Ah ok, I never waited to see 175, guess i'll go try that now. 

Pics of the install so far, lines are ran inside the car to the fronts and through the firewall, waiting to put it into the fender until the struts are on. Valves work great. For the second compressor, should I follow the Easy Street wiring diagram or the VIAR diagram? They are different diagrams.


----------



## Zorba2.0 (Jan 28, 2005)

corrado_sean2 said:


> also follow the wiring diagram with the auto pilot, it will show how to wire it all up with one compressor or two.



Will do


----------



## corrado_sean2 (Nov 14, 2005)

yah the auto pilot way is the way you wanna wire the compressors.


----------



## Zorba2.0 (Jan 28, 2005)

Thanks man.

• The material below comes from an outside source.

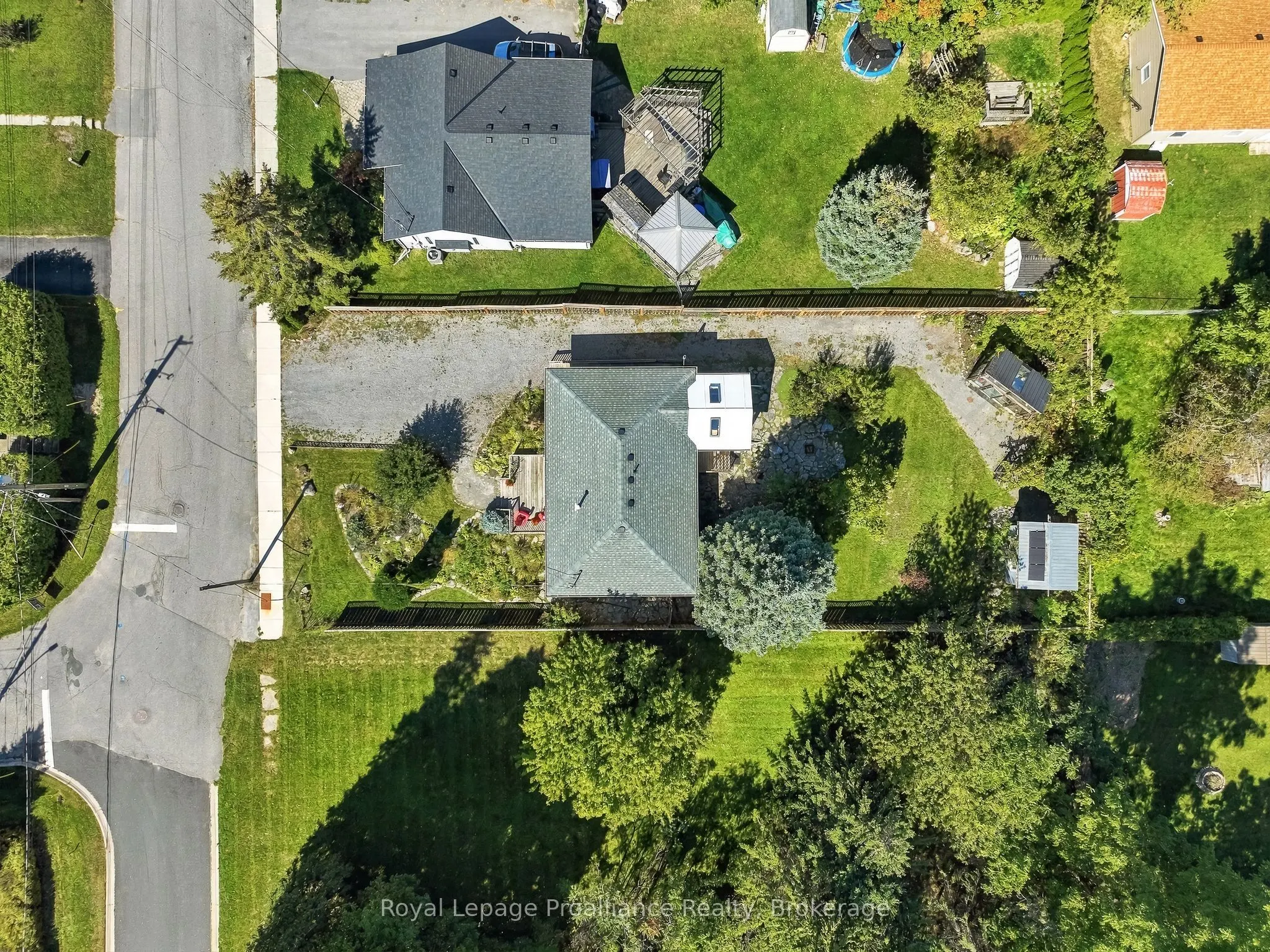 31 Perry Avenue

Compressor stopped right at 175. I seem to have a small leak some where so I'm just going to teflon tape the joints I used dope on.


----------



## Zorba2.0 (Jan 28, 2005)

So I thought I would spend a little time today installing the rear struts before I had to go back over seas just to see how low it can go. 

Car raised, wheels of and top strut nut off in 10 minutes. Lower strut bolt on the other hand took 2 hours of fighting just the get the bolt threads into the bushing. I couldnt pull the farging bolt out no matter what I tried. Impact, white lith grease, wd-40, vise grips, pushing in and out on it, prying the bolt out while using an impact... nothing could get it out. So I failed there, and put it back together.


Got the second compressor wired up today and found a few leaks and fixed those. Everything is ready for my friend to install the struts when he paints it this winter. Guess I'll have to wait to see it really low. 

Thanks for all the help on this "cram session" guys. :thumbup:


----------